Investments

Market round-up: 8 - 12 July 2019

Arjun Pandya

The information in this blog or any response to comments should not be regarded as financial advice. If you are unsure of any of the terminology used you should seek financial advice. Remember that the value of investments can go down as well as up, and could be worth less than what was paid in. The information is based on our understanding in June 2019.

 

The week that was…

Investors carefully listen to US Federal Reserve

The US Federal Reserve (US Fed) Chairman, Jerome Powell’s semi-annual testimony to Congress took centre stage this week. Investors studied every word of Mr Powell’s statement to try and determine whether the US Fed is about to change tact and begin to cut interest rates. The potential U-turn by the US Fed on interest rate policy should not be underplayed; less than 12 months ago two-three interest rate hikes were expected, and now markets are pricing in cuts. Jerome Powell’s testimony strongly hinted at the possibility for a drop in interest rates at their next meeting on 30 July, citing weakness in the global economy and uncertainties around trade tensions as reasons for the accommodative policy. The news buoyed equity markets, particularly in the US, where all three major indices, the S&P 500, Dow Jones and NASDAQ, hit record highs. US President, Donald Trump, took to Twitter to acknowledge the good news.

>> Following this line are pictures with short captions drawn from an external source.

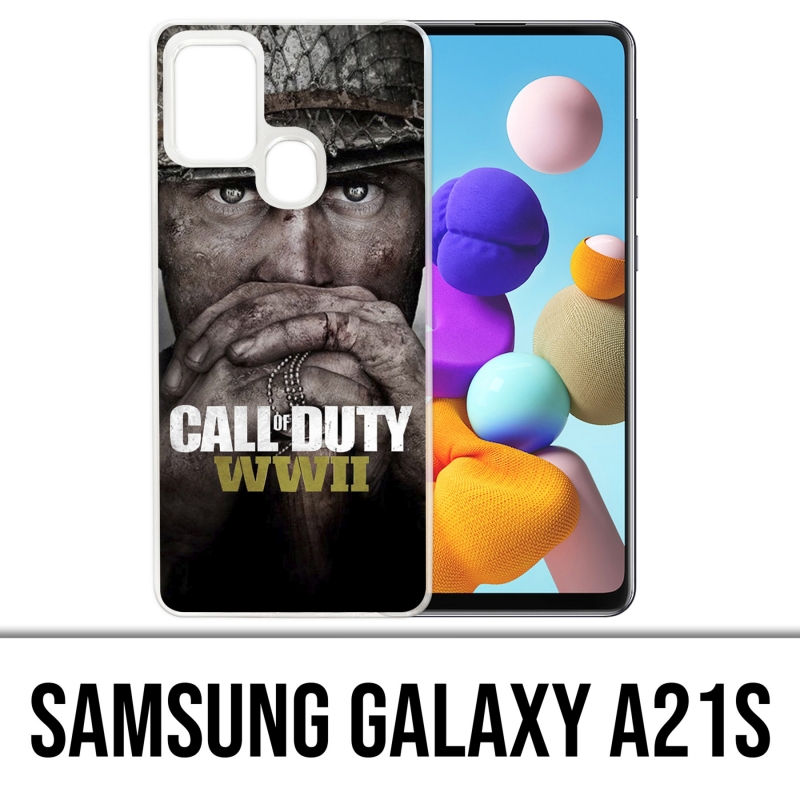 Samsung Galaxy A21s Case - Call Of Duty Ww2 Soldaten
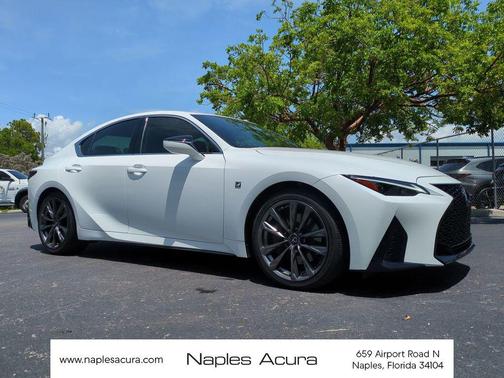 Ultra White 2024 Lexus IS 350 Base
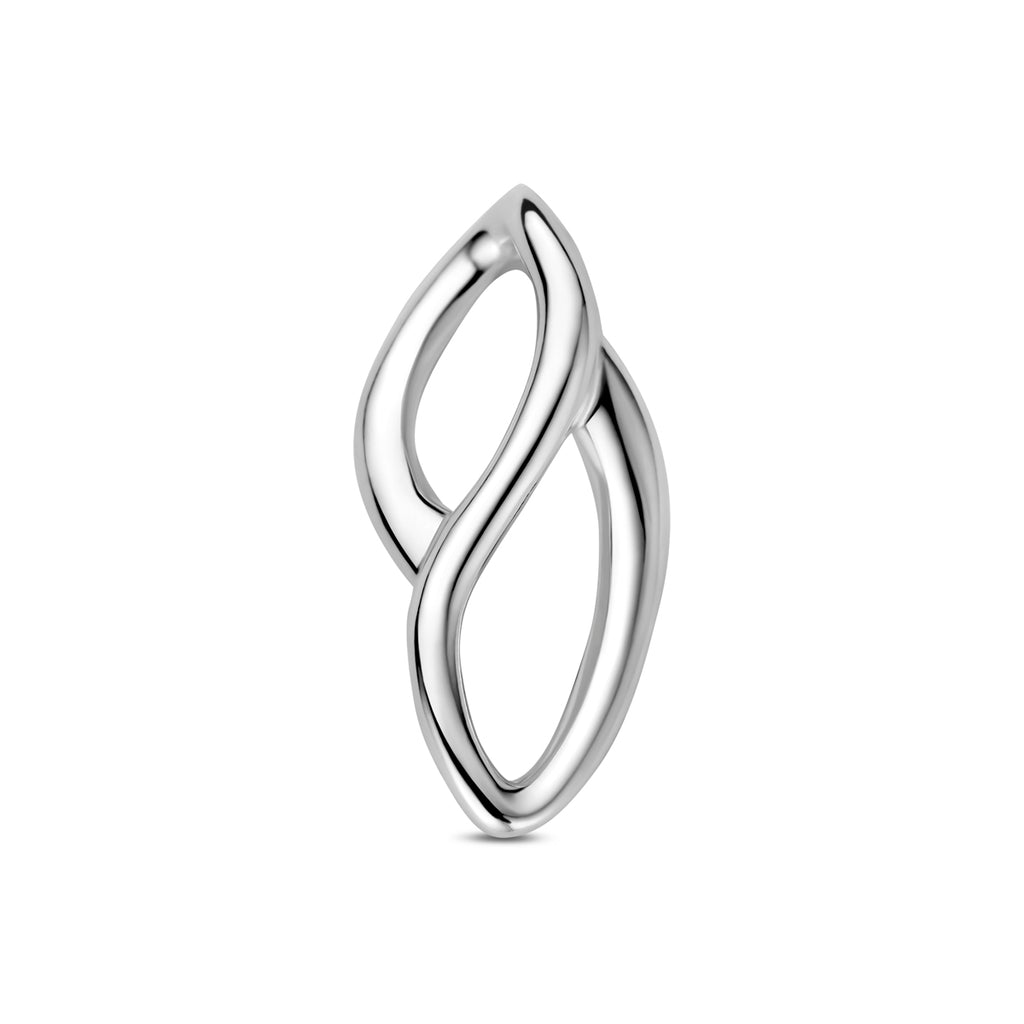 hanger 20 mm zilver gerhodineerd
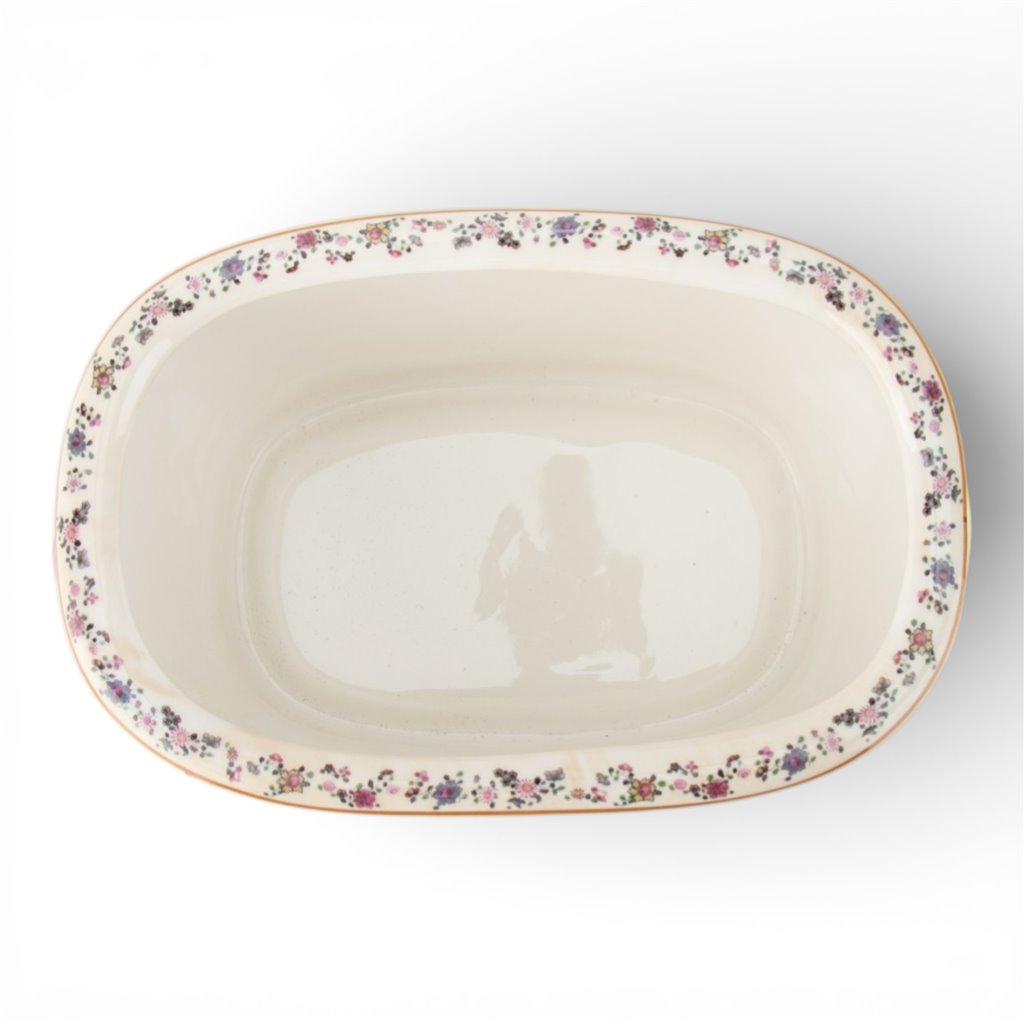 Danny's Fine Porcelain Home Decor Danny's Fine Porcelain Small Oval Footbath with Handle- Tobacco Leaf Small Size – Tobacco Leaf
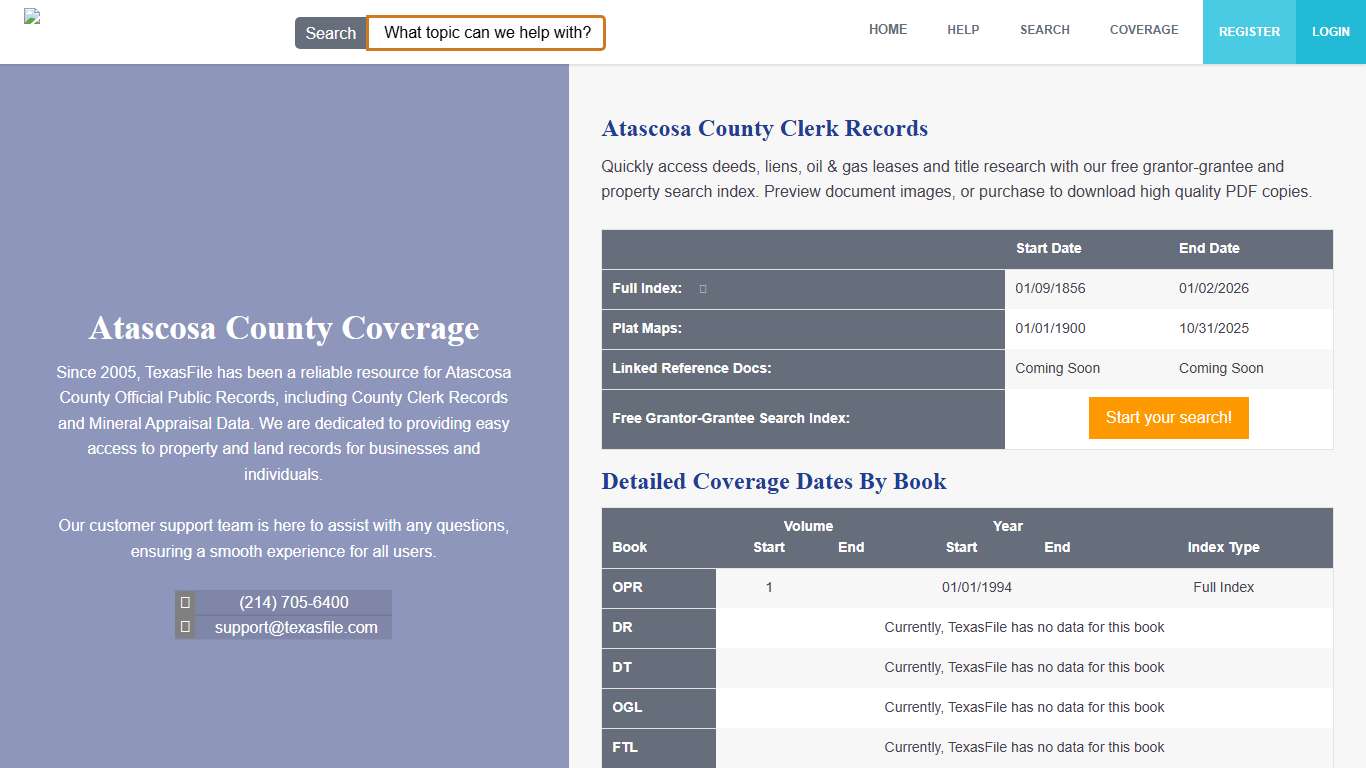 Atascosa County Clerk Official Public Records TexasFile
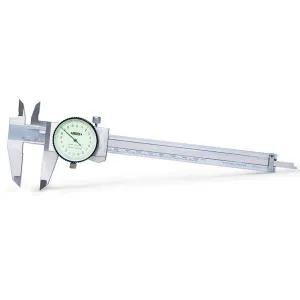 İnsize 0-150mm Saatli Kumpas (Sürme Tekerleksiz), Hassasiyet: 0.02mm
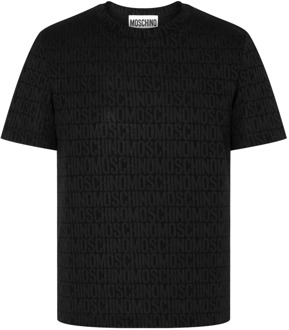 Moschino T-Shirts Moschino , Black , Heren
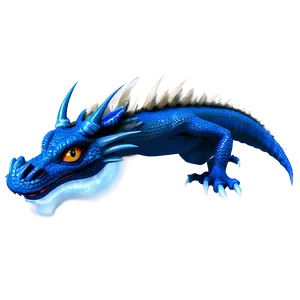 Blue Dragon In Battle Png Unc70 PNG Image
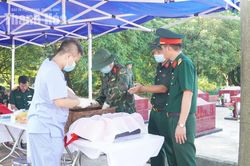 Lấy 120 mẫu hài cốt liệt sĩ tại Nghĩa trang Liệt sĩ Nga Sơn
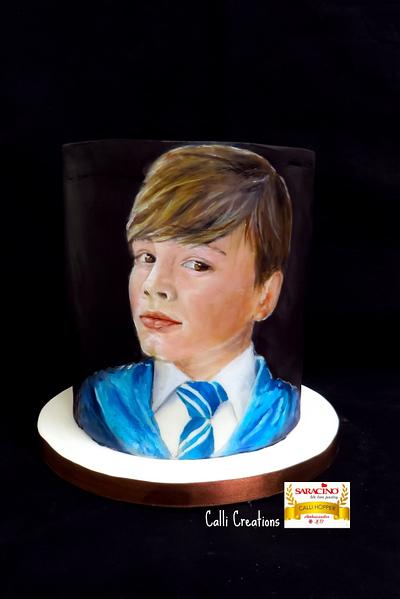 Joshua portrait. Cake  - Cake by Calli Creations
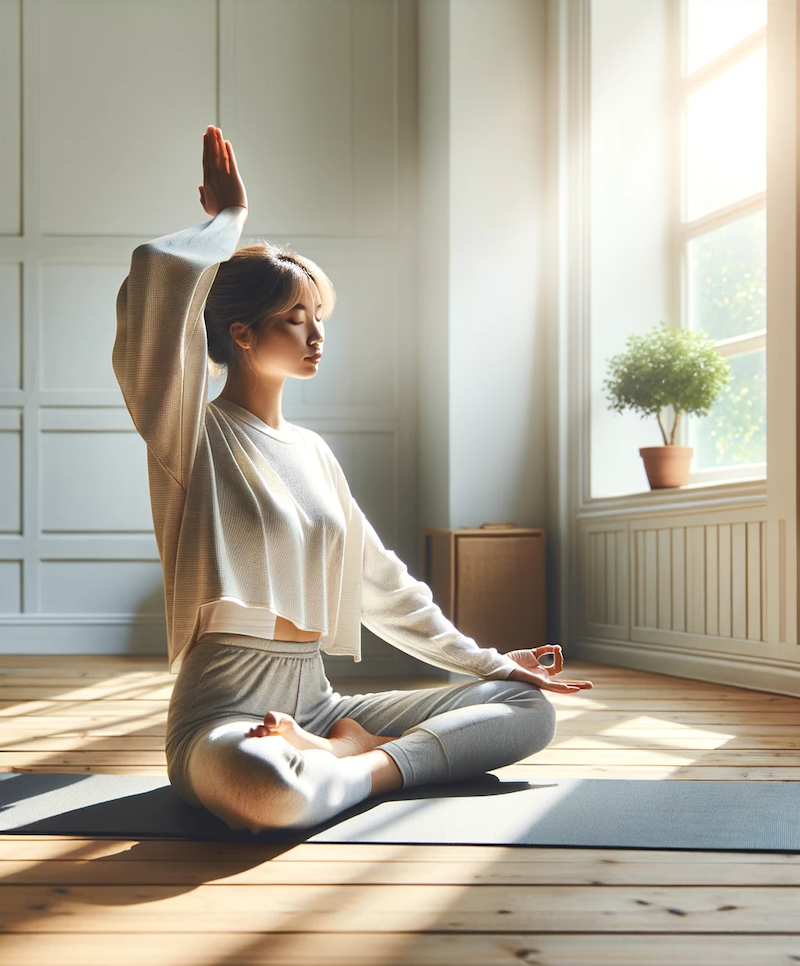 Yoga-Übungen gegen einen Blähbauch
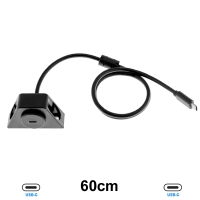USB-C Einbaubuchse mit 60cm Kabel auf USB-C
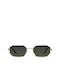 Meller Idir Sunglasses with Gold Olive Metal Frame and Green Polarized Lens I-GOLDOLI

Interest rate cuts questioned

US inflation data released on Thursday beat expectations and caused some market commentators to question whether there should be interest rate cuts when there are inflationary pressures in the world’s largest economy. US Consumer Price Index excluding Food and Energy (the typically volatile inflation inputs) came in at 2.1%. The news helped support the US Dollar and drove US bond yields higher.

UK economy struggling

Here on our own shores, there was little to cheer about as a plethora of economic data pointed towards a weakening economy. Retail sales for June dropped by 1.3%, which has been described as the “worst June on record”. However, this does need to be tempered with the fact that the hot summer of 2018 and the World Cup led to bumper sales last year. After the data release, sterling briefly dropped below $1.25, hitting fresh year-to-date lows, before recovering as the week went on. Manufacturing and industrial production figures both undershot consensus forecasts, although construction output was better than expected.

Middle East tensions felt

Tensions in the Middle East continued this week, with the UK still detaining an Iranian oil tanker. The heightened geopolitical tensions supported the oil price, and this was pushed higher still following the weekly US oil-inventory report. The report showed crude stocks fell by more than expected, and that inventories had fallen for the fourth consecutive week.

Mixed week for European industrials

The week was rounded off with mixed news from the Eurozone as Industrial Production beat estimates, helping support equity bourses. However, on a company level, German carmaker Daimler released a profits warning, it’s fourth of the year, and pointing to weakness in Germany’s automobile sector.

The week ahead…

No holiday for economic data

Next week sees many schools breaking up for their summer holidays, and classes will typically be in wind-down mode, however, there will be no such respite for markets as economic data from key economies around the globe is reported.

Chinese economy to grow despite tensions?

On Monday, we will wake to Chinese Gross Domestic Product (GDP) data for the second quarter. The print will take on added significance as investors look to see if the trade war tensions with the US are impacting growth negatively. The consensus view is that the Chinese economy will have grown 6.2% year-on-year.

UK employment and inflation figures to remain positive?

Despite the recent uncertainty caused by Brexit, UK unemployment has broadly been trending lower, and currently stands at a multi-year low of 3.8%. On Tuesday, the latest unemployment rate will be released alongside average weekly earnings. UK Inflation is revealed later in the week, expected to be close to the targeted 2% level. Wage growth has been outstripping inflation recently, and workers will hope this continues, leading to real wage growth and encourage future consumption.

The US release anticipated retail sales figures

Across the Atlantic, we will gain insight into the state of the US consumer, with retail sales figures published. The consumer accounts for around two-thirds of US GDP and is, therefore, the biggest driver of the economy. Retail sales will highlight whether the consumer is, in fact, confident, and therefore spending in the economy.

Oil rig count to increase?

We will close the week with the Baker Hughes US Rig Count. With technological improvements, oil drilling rigs can be brought into service in short spaces of time, allowing oil companies to react quickly to the variable oil price. The rig count has been falling slightly, although, with Middle East tensions, we may witness an increase as the higher oil price incentivises drilling activity.